■ Work item: Retype the material that follows exactly, limited to the lines from the one with "초보자를 위한 카약 패들" through the one with "Woven basket with", and keep out all pictures.

■ Data excerpts:
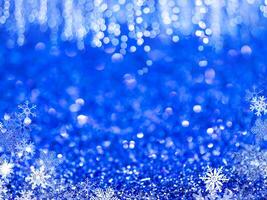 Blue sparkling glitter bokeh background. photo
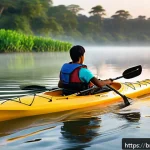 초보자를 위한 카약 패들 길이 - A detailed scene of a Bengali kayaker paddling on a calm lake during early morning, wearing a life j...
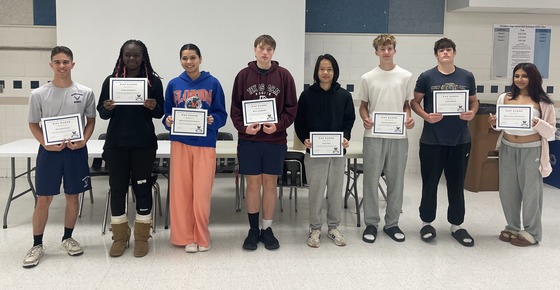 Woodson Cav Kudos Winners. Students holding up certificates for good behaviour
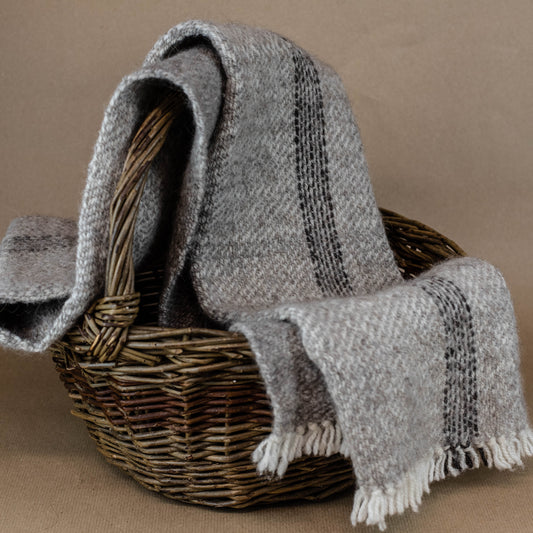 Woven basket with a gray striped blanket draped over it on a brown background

--

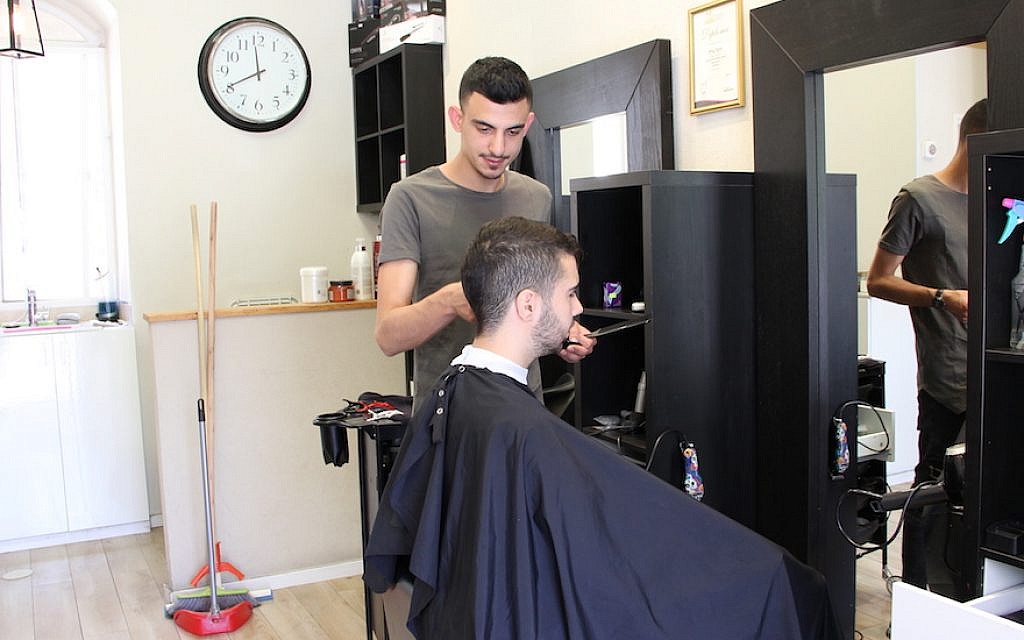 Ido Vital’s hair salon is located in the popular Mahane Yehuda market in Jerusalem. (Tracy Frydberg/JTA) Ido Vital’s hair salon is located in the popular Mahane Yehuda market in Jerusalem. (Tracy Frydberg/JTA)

■ Response to the task:
 초보자를 위한 카약 패들 길이 - A detailed scene of a Bengali kayaker paddling on a calm lake during early morning, wearing a life j...
 Woodson Cav Kudos Winners. Students holding up certificates for good behaviour
 Woven basket with a gray striped blanket draped over it on a brown background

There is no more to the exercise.